The nation’s largest city is ordering authorities to confront and involuntarily hospitalize people with serious mental illness on the streets, New York City Mayor Eric Adams said Tuesday.
The aggressive move to get people with mental illnesses off the streets comes in a year when homelessness rates in New York City have exacerbated shelters and public concern about crimes involving the homeless has grown . In his Tuesday speech, Adams described the city’s residents with severe, untreated mental illness sleeping on subway cars and park benches and said their living situation was “a crisis that we see all around us”.

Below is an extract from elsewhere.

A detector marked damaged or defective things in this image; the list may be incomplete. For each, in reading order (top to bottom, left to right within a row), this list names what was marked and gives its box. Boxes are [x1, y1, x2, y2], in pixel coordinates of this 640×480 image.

Despite the overwhelming demand for low-income housing in New York City and the looming decades of crisis, nearly 2,600 apartments for people with mental illness or without housing remained vacant in the city as of this month. , reported the New York Times.

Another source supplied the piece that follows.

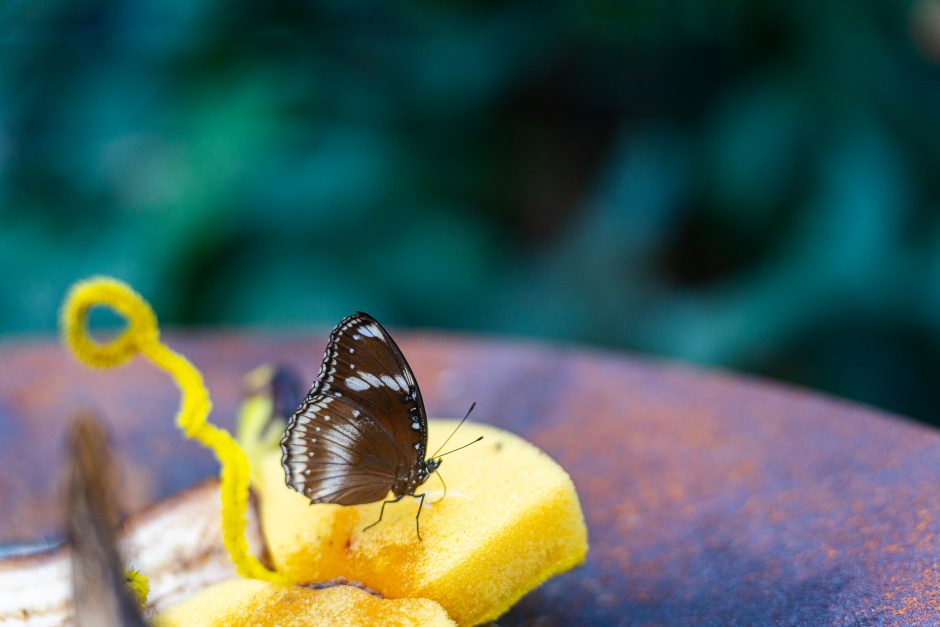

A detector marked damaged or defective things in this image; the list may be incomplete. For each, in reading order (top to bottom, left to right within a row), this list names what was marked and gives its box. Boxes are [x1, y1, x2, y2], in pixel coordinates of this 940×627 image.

rusty metal surface [1, 332, 940, 624]
rusted metal table [1, 332, 940, 624]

THE CONTEXT: According to researchers from the Urban Institute, an economic and social policy think tank, there is a huge overlap between homeless people and people with mental illness.
WHAT THIS MEANS: Experts say homeless people may find it much harder to access consistent treatment for mental illness because their daily lives can be so precarious. At the same time, mental illness can make it significantly more difficult for a homeless person to find stable employment, afford housing, and combat homelessness.

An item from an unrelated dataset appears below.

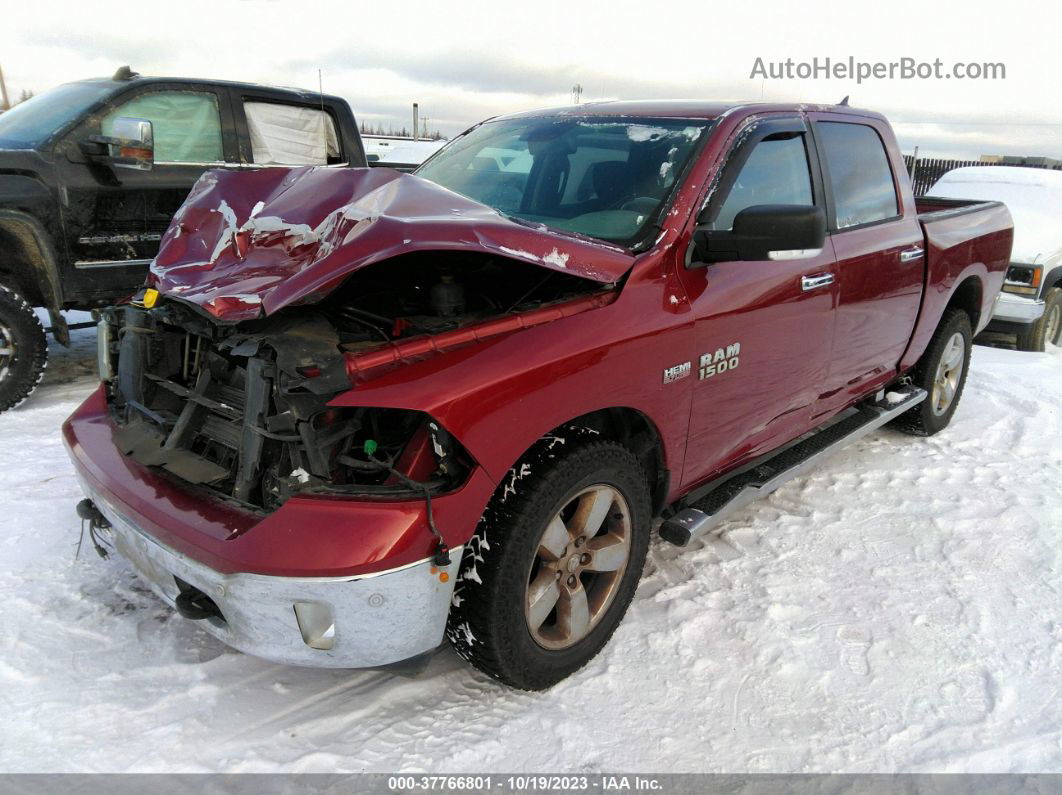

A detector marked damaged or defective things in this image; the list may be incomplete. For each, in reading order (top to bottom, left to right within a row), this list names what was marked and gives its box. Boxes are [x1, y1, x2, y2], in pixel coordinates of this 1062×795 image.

crumpled hood [152, 165, 632, 320]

What did the mayor of NYC say?
The city needs to do more to help people with mental illness in public, especially those with untreated psychotic disorders, Adams said while outlining his 11-point mental health agenda for the upcoming legislative session.
Under the new measures, city officials are instructed to hospitalize people “who pose a risk of harm even if they do not pose an imminent threat to the public,” Adams said.
The mayor stressed that the policy directions will affect people with mental illness who pose no threat to anyone but themselves. So far, officials have operated by intervening and involuntarily hospitalizing some people who pose a risk to others, Adams said.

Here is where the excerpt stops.